Омский научный вестник: Серия "Общество. История. Современность" April 6, 2026 Peer reviewed DOI: 10.25206/2542-0488-2026-11-1-108-114 via DOAJ

Summary

Illusionism, which denies the existence of phenomenal consciousness and qualia, can be compatible with sentientism—the view that sentience grounds moral status—if sentience is understood in a specific way. The author distinguishes three types of sentience: K-sentience (classic qualia), Z-sentience (zero qualia), and D-sentience (diet qualia). Only K-sentience is incompatible with illusionism.
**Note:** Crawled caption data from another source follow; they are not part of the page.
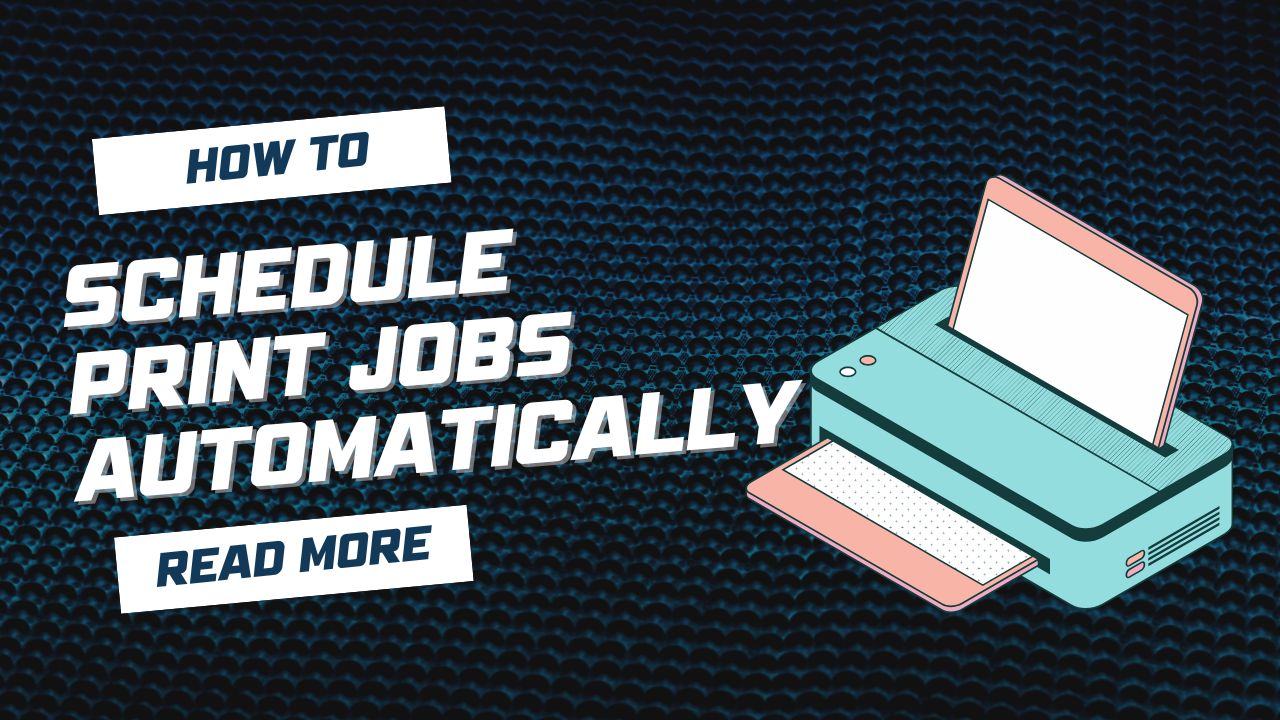 How to Schedule Print Jobs Automatically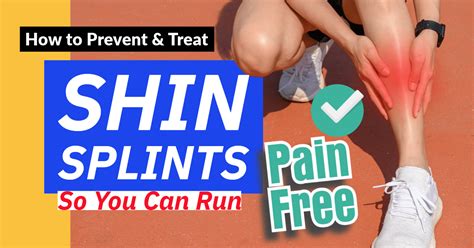How to Prevent and Treat the Pain of Shin Splints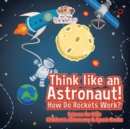 Image for Think like an Astronaut! How Do Rockets Work? - Science for Kids - Children&#39;s Astronomy &amp; Space Books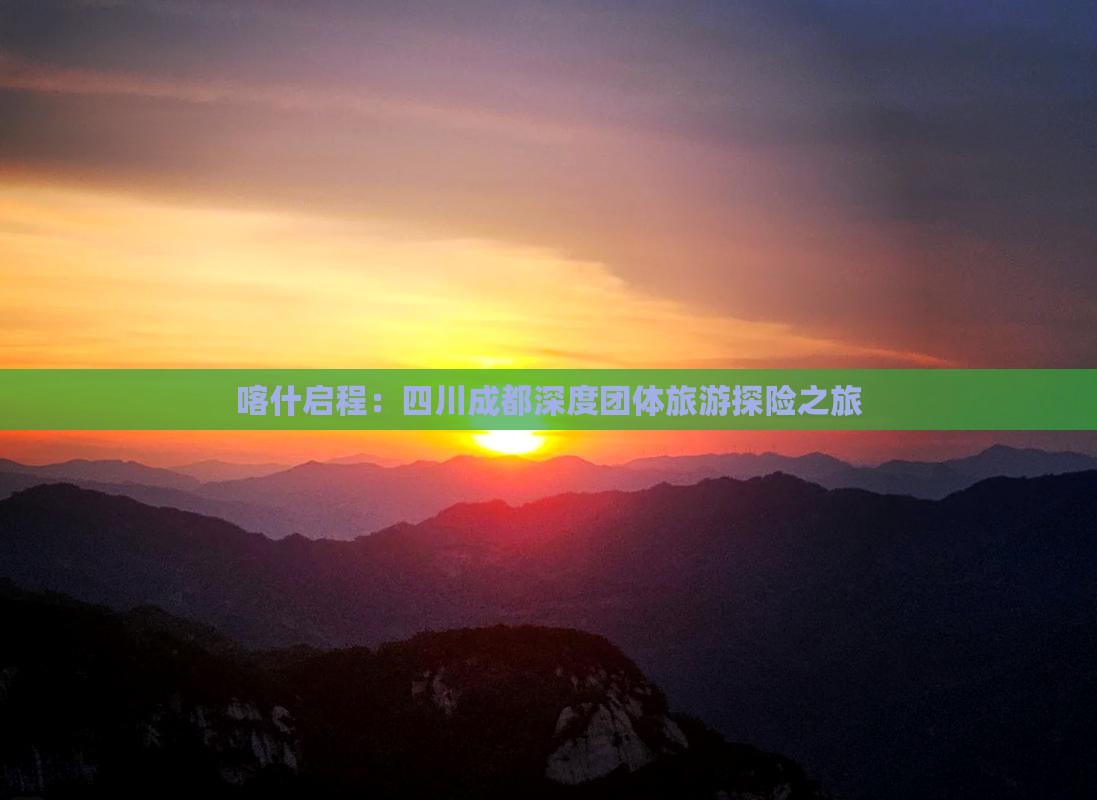 喀什启程：四川成都深度团体旅游探险之旅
D-sentience is the most suitable variant, as it is compatible with illusionism and avoids the problems associated with diet qualia, thus not leading to counterintuitive ethical consequences.

Study at a glance

Key finding D-sentience, based on diet qualia, is compatible with illusionism and avoids the normative challenge of denying sentience, unlike classic qualia-based sentience.

Abstract

The article is devoted to the question of the compatibility between the illusionist theory of consciousness and the widely accepted sentientist approach to the justification of moral status. Illusionism denies the existence of phenomenal consciousness and qualia, claiming that we are disposed to believe that they exist due to a systematic introspective distortion. If phenomenal consciousness does not exist, then illusionism is not compatible with sentientism. This is exactly what François Kammerer thinks, and therefore, in one of his recent works, he offers a number of arguments against sentientism in order to show that such a denial does not lead illusionism to counterintuitive ethical consequences. The article argues that the conclusion about the incompatibility of illusionism and sentience is the result of using this concept in a non-obvious, theoretically overloaded way. The author proposes three variants of understanding sentience in connection with three types of qualia: K-, Z-, and D-sentience (classic, zero, and diet qualia), where only the first variant turns out to be incompatible with illusionism. Z-sentience can be accepted by illusionists, but, like the K-variant, turns out to be too heavy for the discussion about the justification of moral status. D-sentience is recognized as the most suitable variant of understanding sentience. It is compatible with illusionism, which excludes the possibility of accusing the latter of undesirable ethical consequences. Also, D-sentience does not face the problems of diet qualia: it is coherent if sentientism is not an attempt to combine physicalism and phenomenal realism from another discussion; it is not empty, since the concept of sentience is not supposed to be used in the discussion about the nature of phenomenal consciousness, where diet qualia do not do any theoretical work.